When the mediator walks into the meeting, Howard blows what he thinks is a whistle and calls the mediator out for taking money from Jimmy. And as he says it, everybody in the room - Clifford Main, Erin Brill, Rich Schweikart, our old favorite, Irene Landry, who lives at Sandpiper - shifts uncomfortably. Both because Howard sounds nuts, and because they all have history with Jimmy. Everybody believes Jimmy is capable of the shit Howard's accusing him of, but they also recognize that Howard sounds like he's yelling about a conspiracy theory. Taking Howard aside, Cliff flatly tells him that it doesn't matter if Jimmy switched photos and made Howard's pupils dilate. What matters is Howard looking crazy and messing up a years-long case. Just like that, it's over.
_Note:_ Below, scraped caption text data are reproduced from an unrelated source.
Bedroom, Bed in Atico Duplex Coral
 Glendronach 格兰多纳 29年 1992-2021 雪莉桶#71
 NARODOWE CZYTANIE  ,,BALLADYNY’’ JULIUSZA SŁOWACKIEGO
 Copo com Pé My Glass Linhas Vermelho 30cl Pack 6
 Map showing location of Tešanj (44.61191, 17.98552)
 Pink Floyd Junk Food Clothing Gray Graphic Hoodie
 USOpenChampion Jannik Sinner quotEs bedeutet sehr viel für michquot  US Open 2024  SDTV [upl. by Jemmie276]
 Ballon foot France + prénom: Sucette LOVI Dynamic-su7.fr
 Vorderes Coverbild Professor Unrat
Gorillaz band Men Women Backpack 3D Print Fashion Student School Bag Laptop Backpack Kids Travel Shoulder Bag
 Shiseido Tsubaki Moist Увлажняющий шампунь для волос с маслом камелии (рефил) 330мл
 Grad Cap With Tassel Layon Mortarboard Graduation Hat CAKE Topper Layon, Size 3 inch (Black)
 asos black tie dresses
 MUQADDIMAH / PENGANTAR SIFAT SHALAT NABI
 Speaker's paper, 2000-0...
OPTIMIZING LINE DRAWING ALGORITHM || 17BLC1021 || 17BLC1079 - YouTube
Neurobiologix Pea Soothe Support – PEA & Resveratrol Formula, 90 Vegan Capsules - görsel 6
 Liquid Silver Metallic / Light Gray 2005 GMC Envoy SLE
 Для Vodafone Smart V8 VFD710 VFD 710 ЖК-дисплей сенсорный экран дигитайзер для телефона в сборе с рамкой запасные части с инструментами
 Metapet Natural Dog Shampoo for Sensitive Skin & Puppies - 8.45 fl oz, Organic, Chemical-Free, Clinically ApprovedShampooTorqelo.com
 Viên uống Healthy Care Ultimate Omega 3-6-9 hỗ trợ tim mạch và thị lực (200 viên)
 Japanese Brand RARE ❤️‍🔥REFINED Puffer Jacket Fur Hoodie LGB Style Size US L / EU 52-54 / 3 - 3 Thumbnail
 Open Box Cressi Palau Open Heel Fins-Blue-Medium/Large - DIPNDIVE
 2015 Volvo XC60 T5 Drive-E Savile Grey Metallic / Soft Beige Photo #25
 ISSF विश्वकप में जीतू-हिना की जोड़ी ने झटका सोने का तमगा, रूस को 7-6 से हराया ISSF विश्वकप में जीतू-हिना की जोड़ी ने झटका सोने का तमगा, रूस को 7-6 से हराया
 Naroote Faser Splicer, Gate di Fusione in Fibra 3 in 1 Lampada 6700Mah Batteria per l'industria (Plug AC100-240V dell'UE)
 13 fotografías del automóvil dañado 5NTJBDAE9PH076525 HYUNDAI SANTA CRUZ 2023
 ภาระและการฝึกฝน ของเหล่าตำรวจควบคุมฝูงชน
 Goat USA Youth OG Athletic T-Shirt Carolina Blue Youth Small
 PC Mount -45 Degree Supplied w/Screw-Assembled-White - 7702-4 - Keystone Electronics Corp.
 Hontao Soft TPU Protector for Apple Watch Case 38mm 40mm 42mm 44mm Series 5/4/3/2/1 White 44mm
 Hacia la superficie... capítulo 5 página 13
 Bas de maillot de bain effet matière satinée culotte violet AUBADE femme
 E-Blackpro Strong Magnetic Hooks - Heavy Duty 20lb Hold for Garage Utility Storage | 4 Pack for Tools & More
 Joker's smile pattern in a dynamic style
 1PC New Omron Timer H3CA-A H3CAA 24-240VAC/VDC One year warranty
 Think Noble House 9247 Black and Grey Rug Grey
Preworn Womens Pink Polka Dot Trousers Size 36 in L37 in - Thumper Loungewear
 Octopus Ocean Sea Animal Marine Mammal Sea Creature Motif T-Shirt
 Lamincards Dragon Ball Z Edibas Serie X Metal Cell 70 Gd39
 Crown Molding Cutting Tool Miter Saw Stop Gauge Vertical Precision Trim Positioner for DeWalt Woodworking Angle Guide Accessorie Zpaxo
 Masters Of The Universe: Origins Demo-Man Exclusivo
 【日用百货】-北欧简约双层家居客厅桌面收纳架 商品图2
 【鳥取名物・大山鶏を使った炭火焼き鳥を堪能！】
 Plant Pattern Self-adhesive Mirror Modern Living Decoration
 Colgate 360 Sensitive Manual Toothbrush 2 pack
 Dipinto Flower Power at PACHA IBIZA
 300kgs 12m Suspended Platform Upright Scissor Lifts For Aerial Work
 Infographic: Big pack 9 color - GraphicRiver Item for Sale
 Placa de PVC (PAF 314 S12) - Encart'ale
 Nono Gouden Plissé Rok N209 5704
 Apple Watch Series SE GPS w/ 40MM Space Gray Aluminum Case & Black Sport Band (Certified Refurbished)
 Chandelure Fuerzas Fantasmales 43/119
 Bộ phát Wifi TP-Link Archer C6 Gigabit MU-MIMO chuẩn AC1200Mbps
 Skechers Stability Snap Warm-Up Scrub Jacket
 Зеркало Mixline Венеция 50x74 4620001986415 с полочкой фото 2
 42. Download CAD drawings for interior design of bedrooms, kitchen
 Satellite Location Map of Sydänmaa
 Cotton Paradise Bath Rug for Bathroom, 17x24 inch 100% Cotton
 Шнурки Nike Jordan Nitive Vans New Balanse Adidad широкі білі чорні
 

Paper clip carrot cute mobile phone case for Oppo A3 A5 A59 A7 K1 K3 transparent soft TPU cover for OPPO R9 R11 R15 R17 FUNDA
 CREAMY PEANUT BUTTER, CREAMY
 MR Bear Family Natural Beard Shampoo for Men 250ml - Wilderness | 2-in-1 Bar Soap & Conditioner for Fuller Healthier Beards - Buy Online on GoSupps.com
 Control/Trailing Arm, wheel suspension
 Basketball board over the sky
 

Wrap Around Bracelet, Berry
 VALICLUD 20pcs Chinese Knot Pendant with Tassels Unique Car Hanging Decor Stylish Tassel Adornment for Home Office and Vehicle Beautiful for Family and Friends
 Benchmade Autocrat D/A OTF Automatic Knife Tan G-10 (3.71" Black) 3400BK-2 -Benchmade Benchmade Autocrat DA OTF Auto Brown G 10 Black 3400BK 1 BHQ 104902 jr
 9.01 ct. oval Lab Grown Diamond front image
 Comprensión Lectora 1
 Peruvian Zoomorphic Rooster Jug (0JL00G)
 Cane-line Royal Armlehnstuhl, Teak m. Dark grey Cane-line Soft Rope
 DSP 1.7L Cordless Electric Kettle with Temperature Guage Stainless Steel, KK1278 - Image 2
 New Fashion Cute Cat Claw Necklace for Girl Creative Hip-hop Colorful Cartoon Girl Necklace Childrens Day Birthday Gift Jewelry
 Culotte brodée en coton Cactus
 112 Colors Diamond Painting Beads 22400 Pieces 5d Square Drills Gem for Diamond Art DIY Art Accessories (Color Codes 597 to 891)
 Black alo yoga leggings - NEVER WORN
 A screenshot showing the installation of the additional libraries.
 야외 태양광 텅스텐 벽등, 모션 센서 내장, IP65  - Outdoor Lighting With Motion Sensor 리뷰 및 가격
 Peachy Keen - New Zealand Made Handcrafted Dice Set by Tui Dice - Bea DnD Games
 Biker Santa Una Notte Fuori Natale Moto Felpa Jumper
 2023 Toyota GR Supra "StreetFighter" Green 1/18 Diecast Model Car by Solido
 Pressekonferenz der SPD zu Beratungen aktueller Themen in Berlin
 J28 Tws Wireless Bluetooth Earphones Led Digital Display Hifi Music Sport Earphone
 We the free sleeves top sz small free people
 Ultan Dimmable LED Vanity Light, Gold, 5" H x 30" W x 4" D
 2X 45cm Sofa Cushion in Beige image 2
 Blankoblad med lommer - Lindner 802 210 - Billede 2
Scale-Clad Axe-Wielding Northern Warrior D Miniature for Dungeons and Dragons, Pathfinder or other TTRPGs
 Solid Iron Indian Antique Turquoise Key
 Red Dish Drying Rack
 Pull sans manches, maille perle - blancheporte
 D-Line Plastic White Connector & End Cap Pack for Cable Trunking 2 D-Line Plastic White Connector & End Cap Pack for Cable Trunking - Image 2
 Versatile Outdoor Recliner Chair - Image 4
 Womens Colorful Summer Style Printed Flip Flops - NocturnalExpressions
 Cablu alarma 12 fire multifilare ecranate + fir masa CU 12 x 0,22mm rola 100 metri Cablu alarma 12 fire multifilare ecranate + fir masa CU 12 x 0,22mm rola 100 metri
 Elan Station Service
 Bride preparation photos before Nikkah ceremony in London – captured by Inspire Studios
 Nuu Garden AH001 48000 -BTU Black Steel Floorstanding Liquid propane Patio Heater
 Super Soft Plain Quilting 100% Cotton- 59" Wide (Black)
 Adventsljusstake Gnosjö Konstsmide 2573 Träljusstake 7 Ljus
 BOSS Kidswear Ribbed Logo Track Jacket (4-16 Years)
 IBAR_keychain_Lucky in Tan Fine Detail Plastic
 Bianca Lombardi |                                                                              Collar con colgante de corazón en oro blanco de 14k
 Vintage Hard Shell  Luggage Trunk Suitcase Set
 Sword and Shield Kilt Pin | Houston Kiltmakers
It's a reversal of the dynamic from the first three seasons, when Jimmy dealt with a mentally deteriorating Chuck. Chuck spent his final years insisting he wasn't compromised and the HHM folks chose to believe him, even if some of them knew he was wrapped in space blankets, ripping wires out of his walls. They all treated Jimmy like garbage. Now, Howard is fine, but everybody thinks he's becoming unhinged. Howard's a prick, just like Chuck was, but he isn't delusional. Chuck dragged Jimmy down and then Jimmy dragged Howard down.
The night after the conference room meltdown, Howard shows up to Kim and Jimmy's apartment with a bottle of wine. He wants to know why they would go to so much effort to humiliate him. It's a mirror of last season's standoff with Lalo, when he confronted them in the same apartment. Howard accuses his two former mailroom employees of having "a piece missing." He says they're perfect for each other. He condescendingly congratulates them on being awful people. It doesn't really matter much. The most Howard can do is hand them a bottle of wine and walk away pissed. And then the mirror becomes perfect when Lalo shows up. The candles flicker, and then Lalo is in the room with a pistol and a desire to talk to his lawyers. Howard doesn't leave, he's bemused, and then by the time he's worried, Lalo shoots him in the head.
That's the moment I remembered I shouldn't have been rooting for Lalo in any capacity. He was never just going to go after Gus. Of course he's going to arrive on a few good people's doorsteps before he gets to the bad one. Earlier this season, I guessed Lalo would go after Nacho's father and, subsequently, get into it with Mike. That could still happen. No matter what, he's going to clash with some people I'd rather he leave alone.
And that's it until July. Lalo kills Howard and gets ready for a conversation that won't happen for another month-and-a-half. I'll be a father when the show comes back on the air. I can't imagine all the ways my life will be different. I'm glad Better Call Saul will still be around for a little while longer, a constant of good art I'm thankful I can rely on.